Britain to retain strict rules on liquids in carry-on luggage
Security threat remains, despite no convictions in airline bombing plot
Strict restrictions on carrying liquids in airplane hand baggage will remain in place in Britain for as long as five more years, despite calls from a high-profile international airline to ease the rules.
Britain's Department of Transport said the continuing risk of a terror strike ruled out any relaxation of the rules, reported British newspaper the Daily Telegraph on Wednesday.
Virgin Atlantic had called for a review of the rules, which currently severely limit the amount of liquid passengers can carry in hand baggage, said the Telegraph.

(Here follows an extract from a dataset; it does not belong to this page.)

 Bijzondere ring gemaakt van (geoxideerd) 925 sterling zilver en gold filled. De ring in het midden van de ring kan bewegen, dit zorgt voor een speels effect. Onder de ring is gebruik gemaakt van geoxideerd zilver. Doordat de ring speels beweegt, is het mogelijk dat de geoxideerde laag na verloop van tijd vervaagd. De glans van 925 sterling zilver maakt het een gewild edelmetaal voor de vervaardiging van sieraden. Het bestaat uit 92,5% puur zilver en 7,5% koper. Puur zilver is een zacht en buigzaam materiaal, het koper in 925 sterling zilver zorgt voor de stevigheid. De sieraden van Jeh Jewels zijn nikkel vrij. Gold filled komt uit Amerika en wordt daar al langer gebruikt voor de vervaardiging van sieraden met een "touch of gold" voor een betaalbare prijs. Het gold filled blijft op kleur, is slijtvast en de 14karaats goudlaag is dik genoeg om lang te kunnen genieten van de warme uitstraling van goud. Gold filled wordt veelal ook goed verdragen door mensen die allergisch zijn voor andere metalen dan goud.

The Department of Transport denied it would review the restrictions within the next year, instead saying they could remain in place for the next five years.
"Aircraft could be vulnerable to such devices so we are right to continue to require restrictions for liquids carried as hand luggage," the Telegraph quoted a department spokesman as saying.
"We are also right to require these restrictions internationally as, potentially, we are all at risk."
The restrictions have cost airport authorities millions of dollars in enforcement costs, reported the Telegraph.
The hand baggage rules were put in place around the world after British authorities said they had stopped an alleged plot to blow up transatlantic jets with liquid bombs in August 2006.
The trial for the eight accused British men ended earlier this week, with the jury failing to convict any of them in the alleged airline plot, although three of them were convicted on lesser conspiracy to murder charges.
British prosecutors announced Wednesday they will seek a retrial for seven of the eight accused.